=== TASK GOAL ===
Nothing in the records should be left out; transcribe them exactly.

━━━━━ RECORD EXCERPTS ━━━━━

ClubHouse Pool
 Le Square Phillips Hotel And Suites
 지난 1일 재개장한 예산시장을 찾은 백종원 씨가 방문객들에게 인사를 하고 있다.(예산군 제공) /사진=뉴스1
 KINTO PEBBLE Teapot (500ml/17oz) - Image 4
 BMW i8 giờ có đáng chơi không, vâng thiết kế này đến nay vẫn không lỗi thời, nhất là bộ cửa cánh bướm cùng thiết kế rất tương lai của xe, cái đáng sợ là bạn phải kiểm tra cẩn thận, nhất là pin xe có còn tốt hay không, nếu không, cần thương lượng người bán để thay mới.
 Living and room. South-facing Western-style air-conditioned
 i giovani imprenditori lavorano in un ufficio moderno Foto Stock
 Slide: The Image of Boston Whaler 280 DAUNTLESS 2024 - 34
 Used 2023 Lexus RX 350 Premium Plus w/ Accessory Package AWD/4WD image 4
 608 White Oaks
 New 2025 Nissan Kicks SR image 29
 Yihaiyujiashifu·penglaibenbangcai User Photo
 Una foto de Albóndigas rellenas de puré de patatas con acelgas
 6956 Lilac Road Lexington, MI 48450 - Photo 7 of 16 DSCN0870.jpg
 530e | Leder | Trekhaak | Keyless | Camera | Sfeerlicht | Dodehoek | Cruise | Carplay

━━━━━

=== ANSWER TO THE PROBLEM ===
ClubHouse Pool
 Le Square Phillips Hotel And Suites
 지난 1일 재개장한 예산시장을 찾은 백종원 씨가 방문객들에게 인사를 하고 있다.(예산군 제공) /사진=뉴스1
 KINTO PEBBLE Teapot (500ml/17oz) - Image 4
 BMW i8 giờ có đáng chơi không, vâng thiết kế này đến nay vẫn không lỗi thời, nhất là bộ cửa cánh bướm cùng thiết kế rất tương lai của xe, cái đáng sợ là bạn phải kiểm tra cẩn thận, nhất là pin xe có còn tốt hay không, nếu không, cần thương lượng người bán để thay mới.
 Living and room. South-facing Western-style air-conditioned
 i giovani imprenditori lavorano in un ufficio moderno Foto Stock
 Slide: The Image of Boston Whaler 280 DAUNTLESS 2024 - 34
 Used 2023 Lexus RX 350 Premium Plus w/ Accessory Package AWD/4WD image 4
 608 White Oaks
 New 2025 Nissan Kicks SR image 29
 Yihaiyujiashifu·penglaibenbangcai User Photo
 Una foto de Albóndigas rellenas de puré de patatas con acelgas
 6956 Lilac Road Lexington, MI 48450 - Photo 7 of 16 DSCN0870.jpg
 530e | Leder | Trekhaak | Keyless | Camera | Sfeerlicht | Dodehoek | Cruise | Carplay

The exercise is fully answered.